» TASK
Nothing but the text should be carried over: reproduce all the data exactly and leave out every image.

» DATA EXCERPT
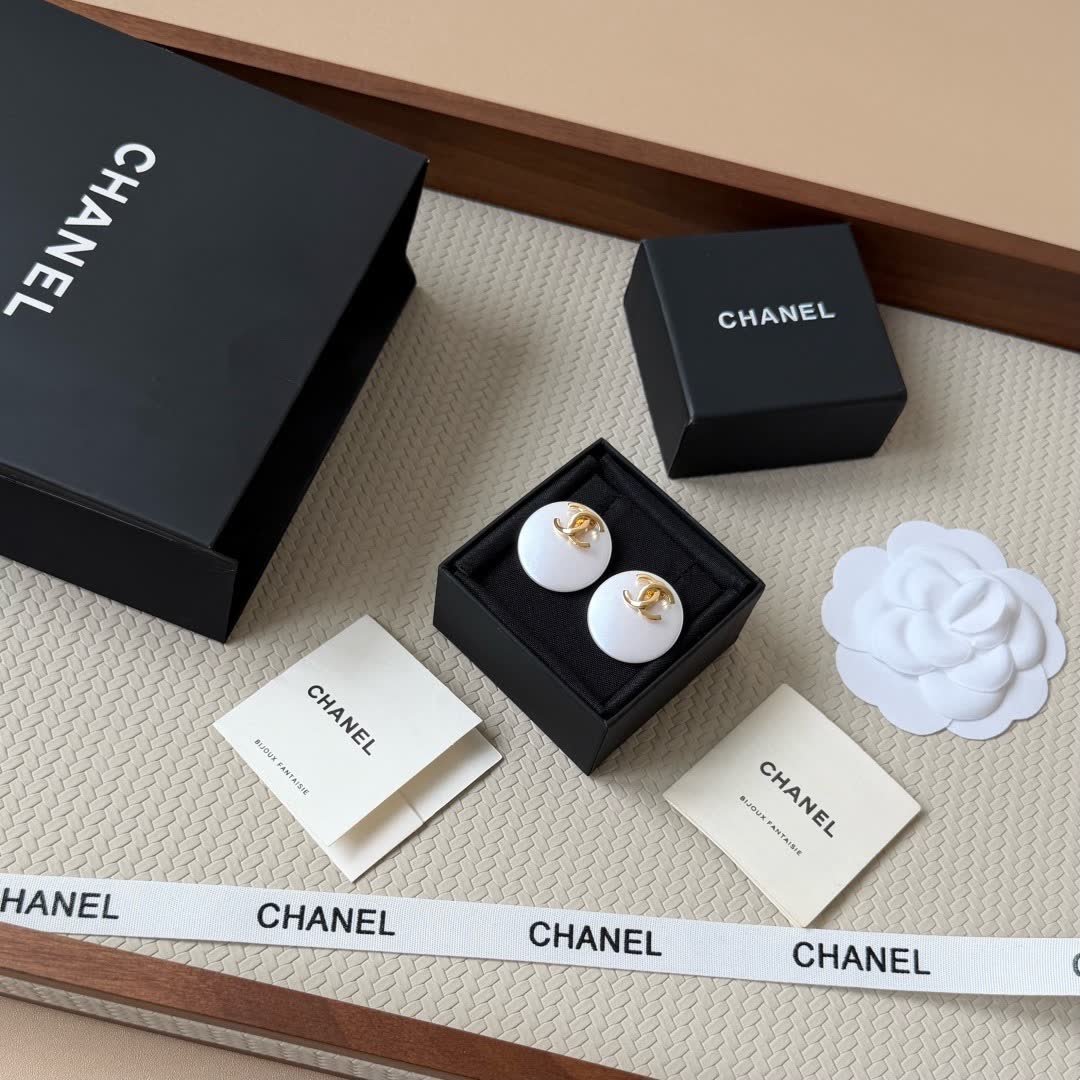 Chanel CC Logo White Pearl Earrings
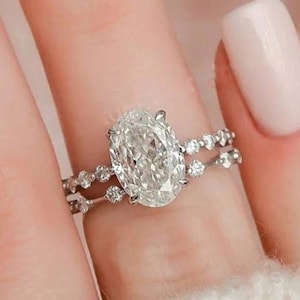2.5 Oval Cut Moissanite Diamond Wedding Ring Set 14K White Gold Anniversary Ring Set Oval Solitaire Engagement Ring Set Promise Ring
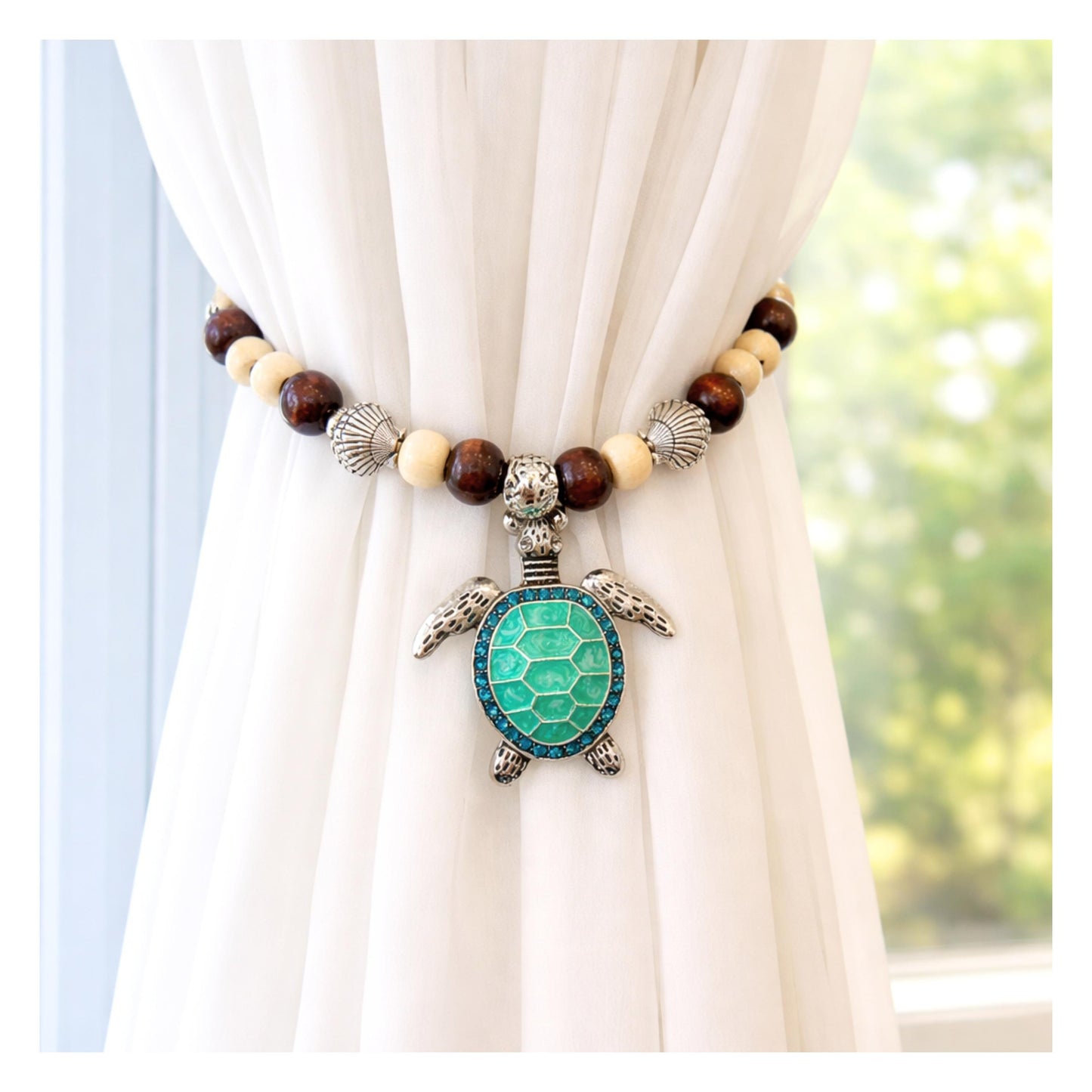 Sea Turtle Curtain Tiebacks – Wood Bead & Shell Coastal Beach Home Decor, Handmade Set of 2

» SOLUTION
 Chanel CC Logo White Pearl Earrings
2.5 Oval Cut Moissanite Diamond Wedding Ring Set 14K White Gold Anniversary Ring Set Oval Solitaire Engagement Ring Set Promise Ring
 Sea Turtle Curtain Tiebacks – Wood Bead & Shell Coastal Beach Home Decor, Handmade Set of 2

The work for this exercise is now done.